Given two integers L and B representing the length and breadth of a rectangle, the task is to find the maximum number of largest possible circles that can be inscribed in the given rectangle without overlapping.

Examples:

Input: L = 3, B = 8
Output: 2
Explanation:

From the above figure it can be clearly seen that the largest circle with a diameter of 3 cm can be inscribed in the given rectangle.
Therefore, the count of such circles is 2.



Input: L = 2, B = 9
Output: 4

Approach: The given problem can be solved based on the following observations:

  • The largest circle that can be inscribed in a rectangle will have diameter equal to the smaller side of the rectangle.
  • Therefore, the maximum number of such largest circles possible is equal to ( Length of the largest side ) / ( Length of the smallest side ).

Therefore, from the above observation, simply print the value of ( Length of the largest side ) / ( Length of the smallest side ) as the required result.

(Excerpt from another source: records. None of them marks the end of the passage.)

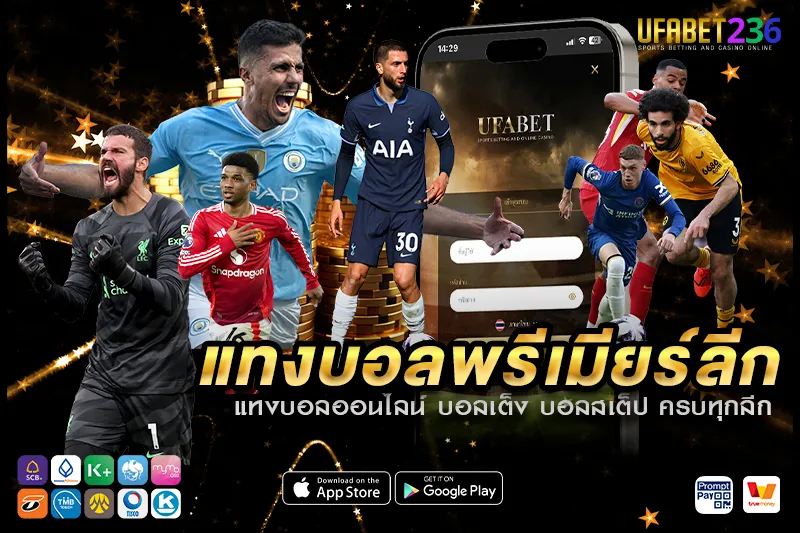 แทงบอลพรีเมียร์ลีก UFABET236 ครบทุกคู่ ทีมใหญ่ ราคาน้ำดี ค่าน้ำแม่น จ่ายจริง 100%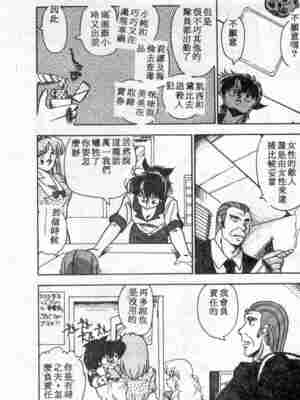 [ひんでんブルグ] むちむち♡パトロール_021_elp02_02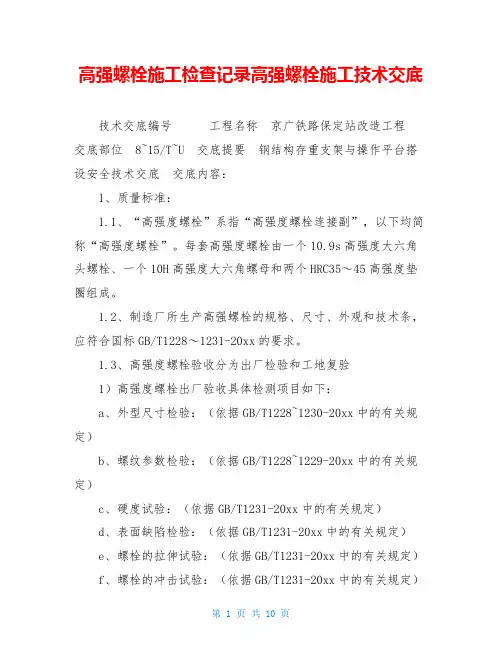 高强螺栓施工检查记录高强螺栓施工技术交底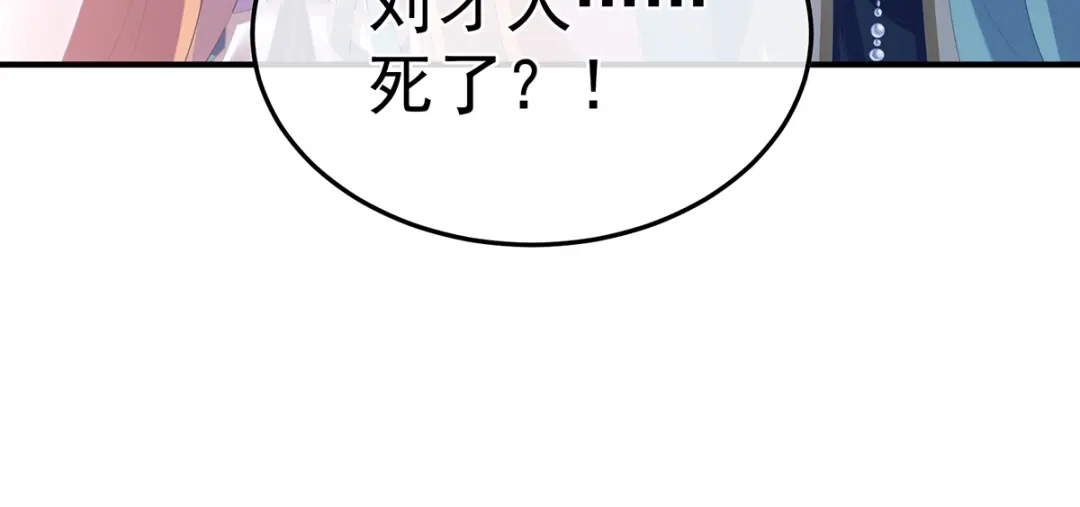 《女帝多蓝颜》第二季58 刘乔之死 第124页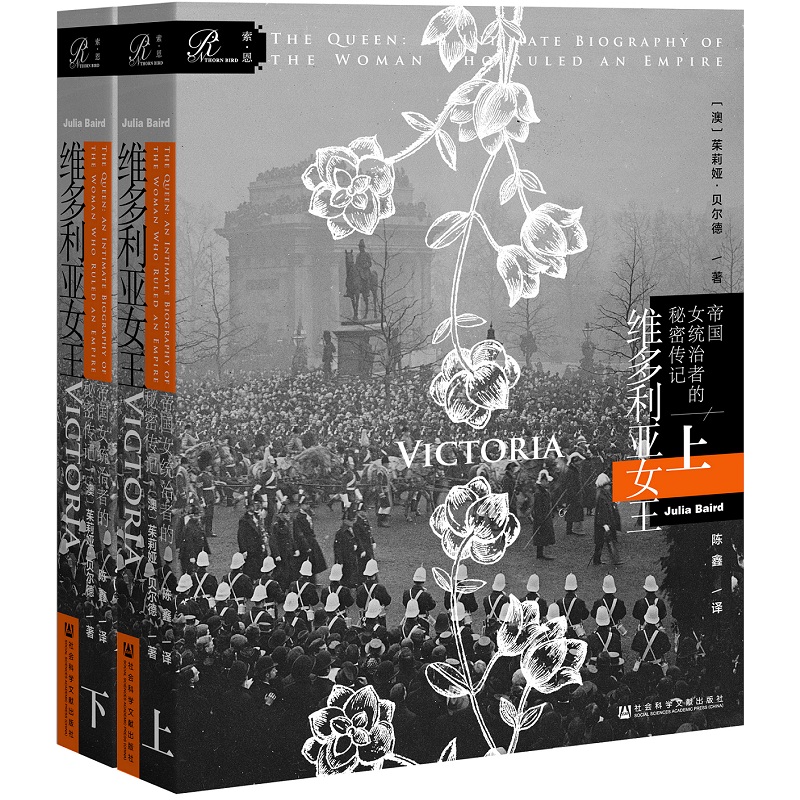 【当当网】索恩丛书·维多利亚女王：帝国女统治者的秘密传记 （套装全2册） 社会科学文献出版社 正版书籍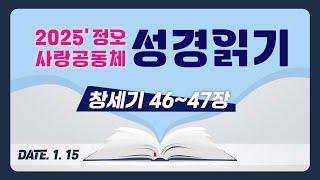 [2025 정오 사랑공동체 성경읽기] 창세기 46~47장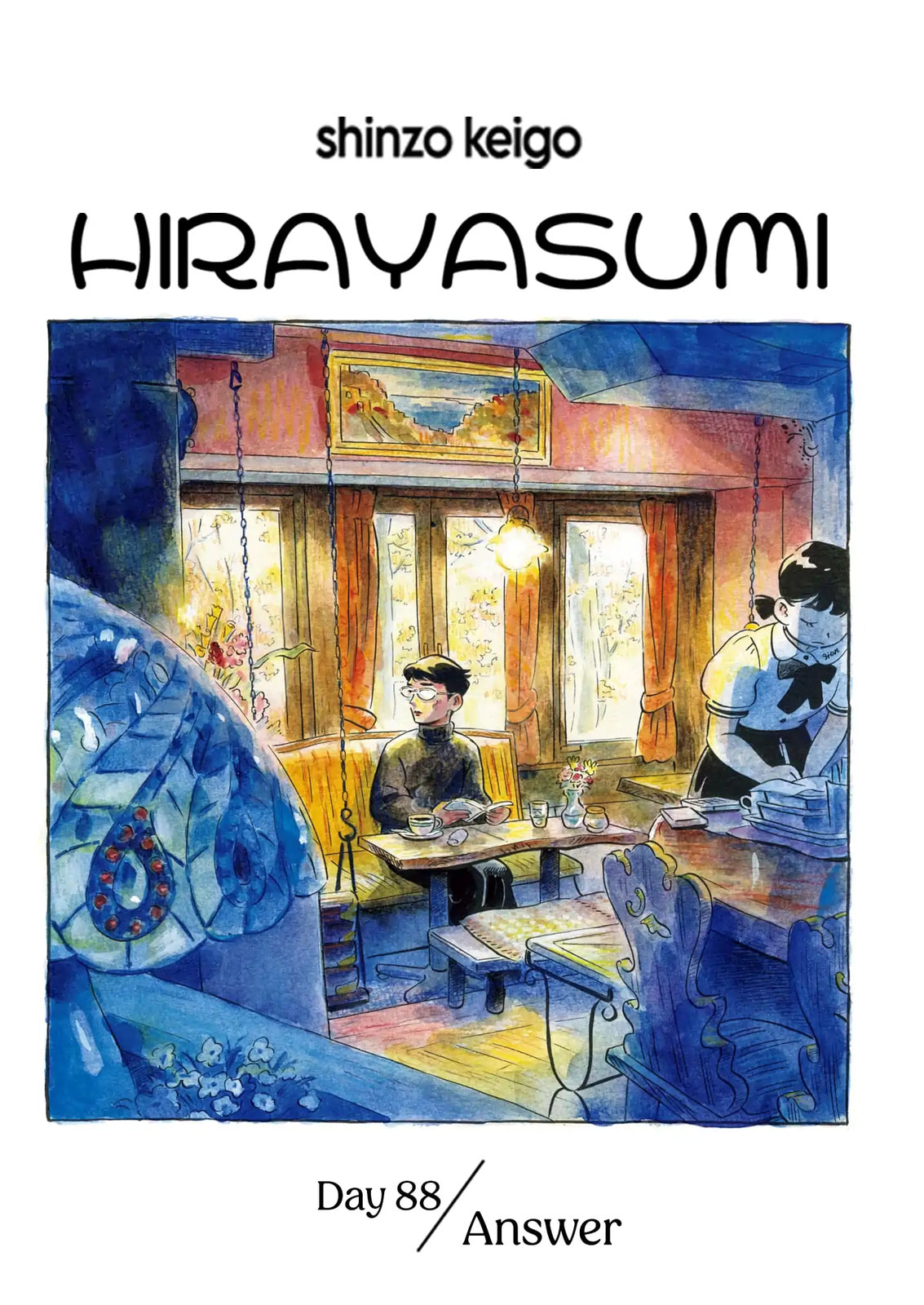 Hirayasumi Chapter 88 page 1 - 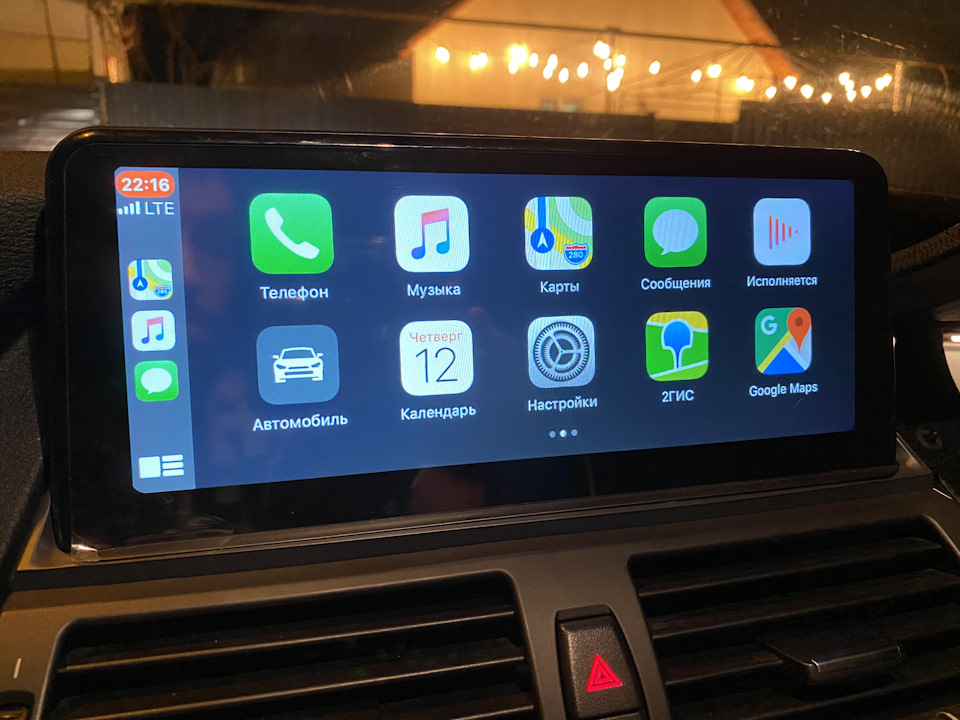 Carplay Android 1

Below is the implementation of the above approach:

C++




// C++ program for the above approach
 
#include <bits/stdc++.h>
using namespace std;
 
// Function to count the number of
// largest circles in a rectangle
int totalCircles(int L, int B)
{
    // If length exceeds breadth
    if (L > B) {
 
        // Swap to reduce length
        // to smaller than breadth
        int temp = L;
        L = B;
        B = temp;
    }
 
    // Return total count
    // of circles inscribed
    return B / L;
}
 
// Driver Code
int main()
{
    int L = 3;
    int B = 8;
    cout << totalCircles(L, B);
 
    return 0;
}

Java




// Java program for the above approach
import java.io.*;
import java.util.*;
class GFG
{
 
  // Function to count the number of
  // largest circles in a rectangle
  static int totalCircles(int L, int B)
  {
    // If length exceeds breadth
    if (L > B) {
 
      // Swap to reduce length
      // to smaller than breadth
      int temp = L;
      L = B;
      B = temp;
    }
 
    // Return total count
    // of circles inscribed
    return B / L;
  }
 
  // Driver Code
  public static void main(String[] args)
  {
    int L = 3;
    int B = 8;
    System.out.print(totalCircles(L, B));
  }
}
 
// This code is contributed by susmitakundugoaldanga.

Python3




# Python3 program for the above approach
 
# Function to count the number of
# largest circles in a rectangle
def totalCircles(L, B) :
     
    # If length exceeds breadth
    if (L > B) :
 
        # Swap to reduce length
        # to smaller than breadth
        temp = L
        L = B
        B = temp
     
    # Return total count
    # of circles inscribed
    return B // L
 
# Driver Code
L = 3
B = 8
print(totalCircles(L, B))
 
# This code is contributed by splevel62.

C#




// C# program to implement
// the above approach
using System;
public class GFG
{
 
  // Function to count the number of
  // largest circles in a rectangle
  static int totalCircles(int L, int B)
  {
    // If length exceeds breadth
    if (L > B) {
 
      // Swap to reduce length
      // to smaller than breadth
      int temp = L;
      L = B;
      B = temp;
    }
 
    // Return total count
    // of circles inscribed
    return B / L;
  }
 
 
  // Driver Code
  public static void Main(String[] args)
  {
    int L = 3;
    int B = 8;
    Console.Write(totalCircles(L, B));
  }
}
 
// This code is contributed by souravghosh0416.

Javascript




<script>
 
// javascript program to implement
// the above approach
 
  
  // Function to count the number of
  // largest circles in a rectangle
   
  function  totalCircles( L,  B)
  {
    // If length exceeds breadth
    if (L > B) {
  
      // Swap to reduce length
      // to smaller than breadth
       
      var temp = L;
      L = B;
      B = temp;
    }
  
    // Return total count
    // of circles inscribed
    return B / L;
  }
  
  
  // Driver Code
 
    var L = 3;
    var B = 8;
    document.write(totalCircles(L, B).toString().split('.')[0]);
   
 
</script>
Output: 
2

 

Time Complexity: O(1)
Auxiliary Space: O(1)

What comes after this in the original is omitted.